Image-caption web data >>
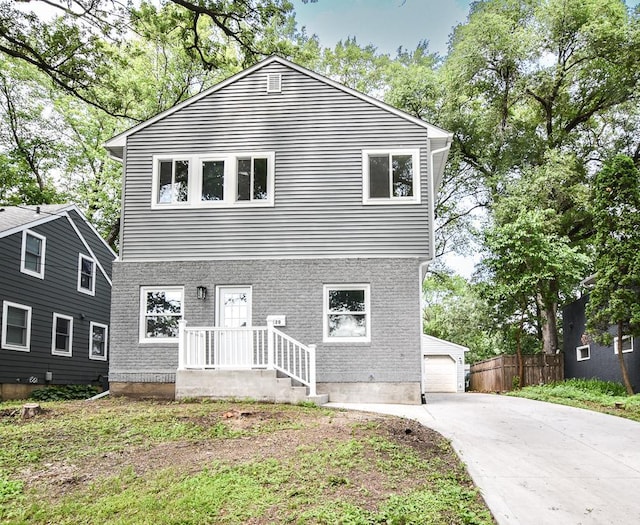 4220 Brookside Ave, Saint Louis Park, MN 55416 - view of front of house featuring brick siding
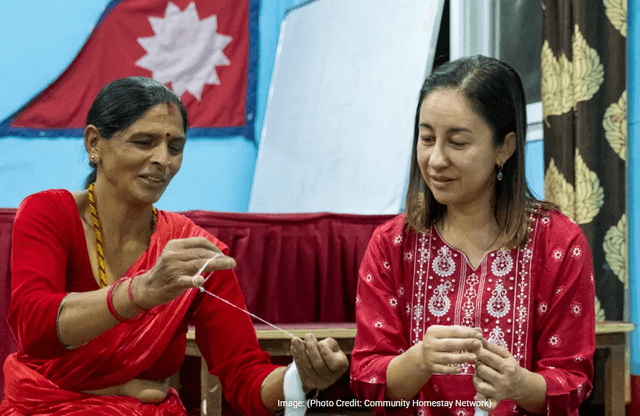 Nepal homestay journeys connects culture and community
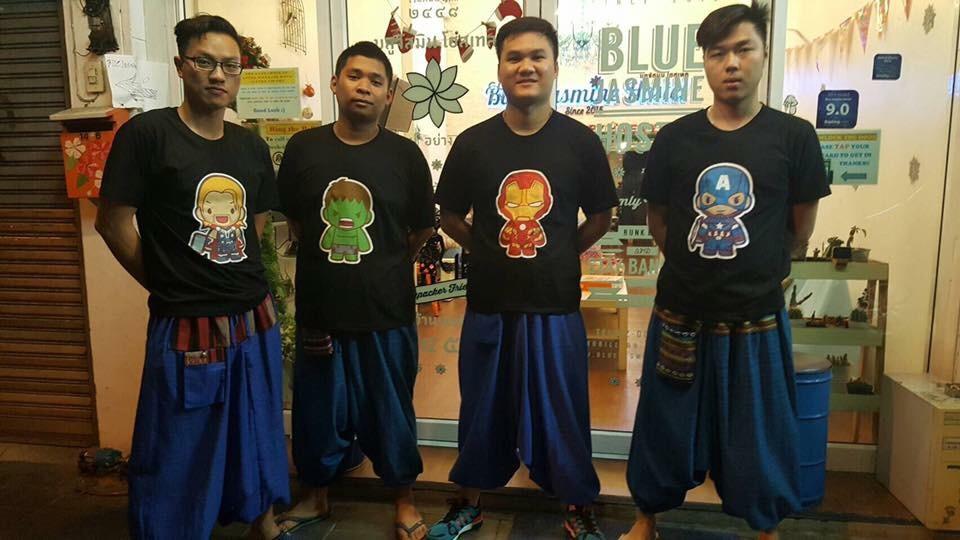Blue Jasmine Hostel Bangkok Bagian luar foto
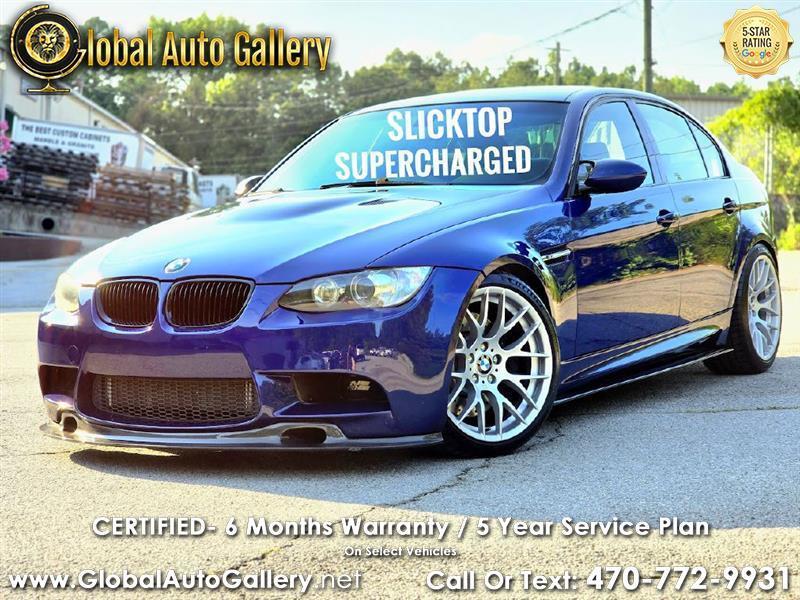 BMW M3 Sedan 2008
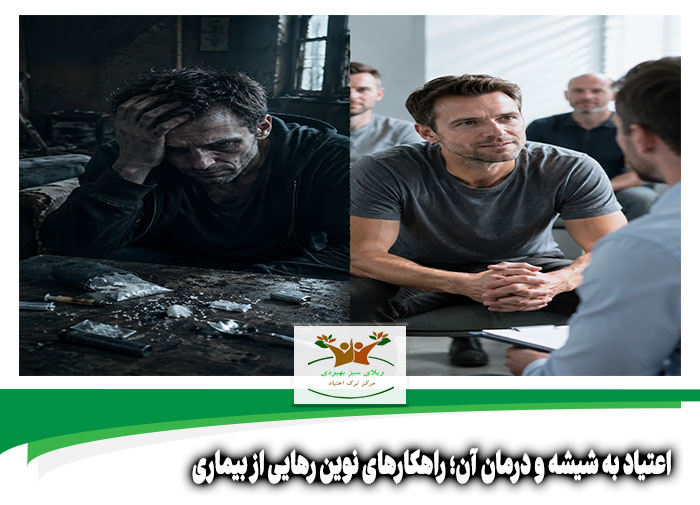 اعتیاد به شیشه و درمان آن
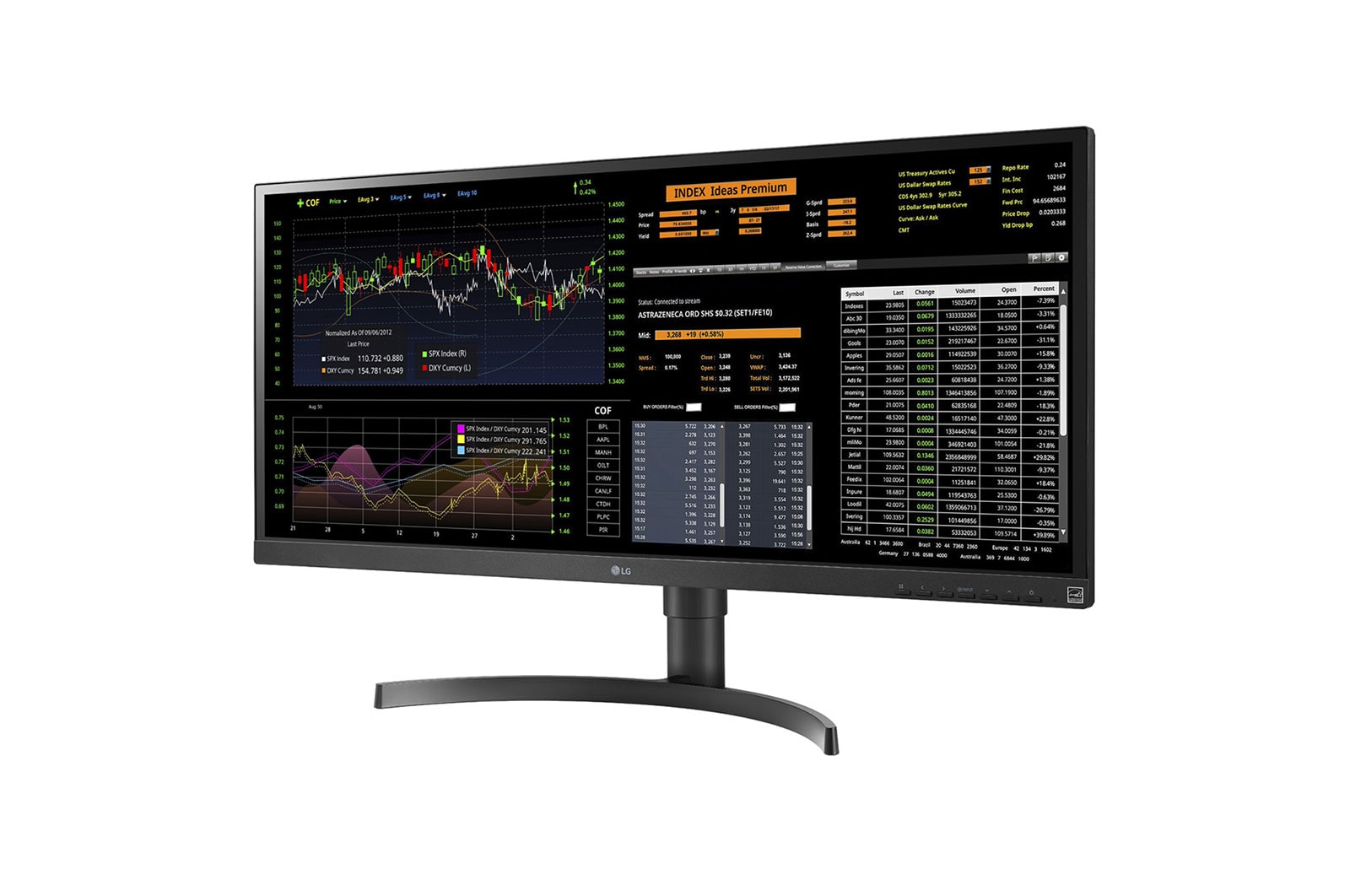 LG 34 Zoll UltraWide™ All-in-One Thin Client mit IPS-Display und Full HD Auflösung, 34CN650W-AC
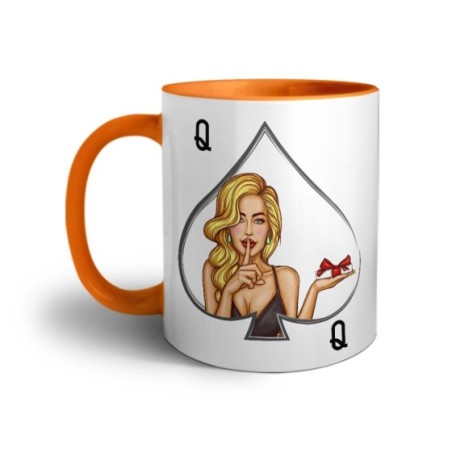 Tazza personalizzabile con nome q Love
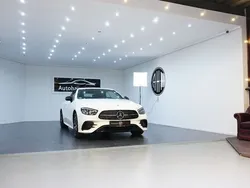 Weiß Gebraucht 2022 Mercedes E450 Cabrio | 56.997 €
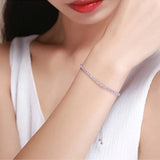 Deluxe Tennis Armband 925er Silber - FALKENKOENIG SCHMUCK & Piercing Online Shop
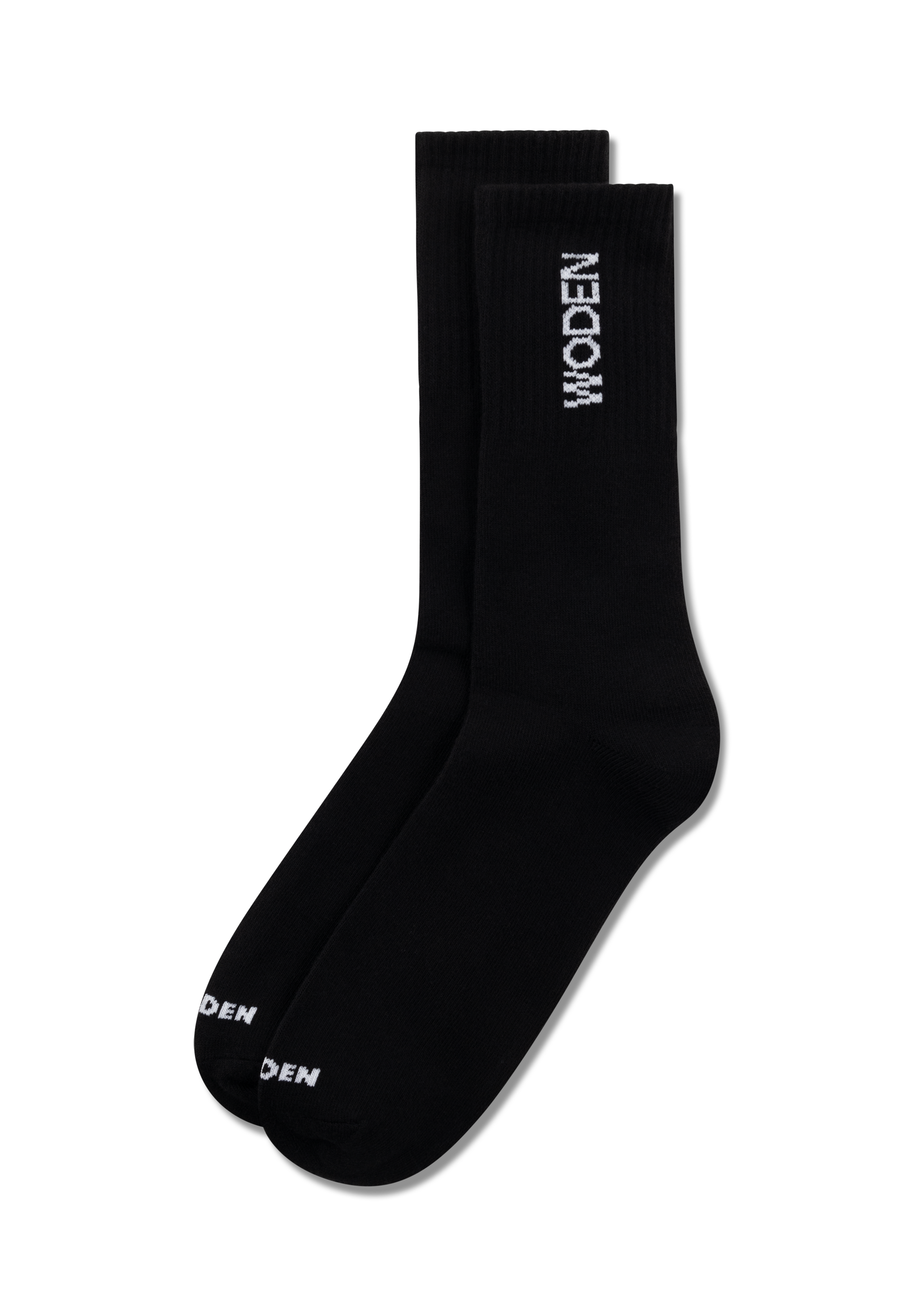 WODEN WODEN Sock Shoes 024 Black/White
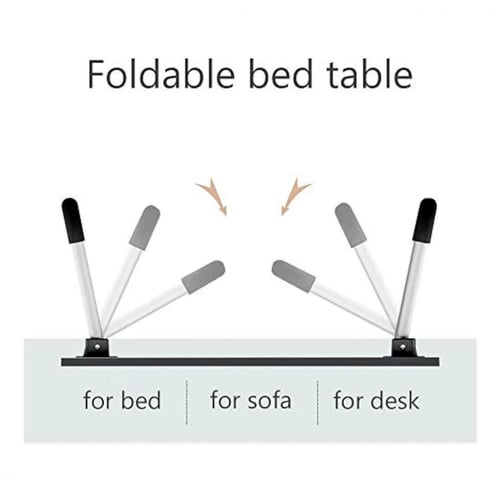‎طاولة سرير للكمبيوتر المحمول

Work required >>
Write out, exactly as they stand, the line with "LG 34 Zoll UltraWide™" and every line after it through the end of the entries above; omit the pictures.

Exercise result >>
 LG 34 Zoll UltraWide™ All-in-One Thin Client mit IPS-Display und Full HD Auflösung, 34CN650W-AC
 Tazza personalizzabile con nome q Love
 Weiß Gebraucht 2022 Mercedes E450 Cabrio | 56.997 €
 Deluxe Tennis Armband 925er Silber - FALKENKOENIG SCHMUCK & Piercing Online Shop
 WODEN WODEN Sock Shoes 024 Black/White
‎طاولة سرير للكمبيوتر المحمول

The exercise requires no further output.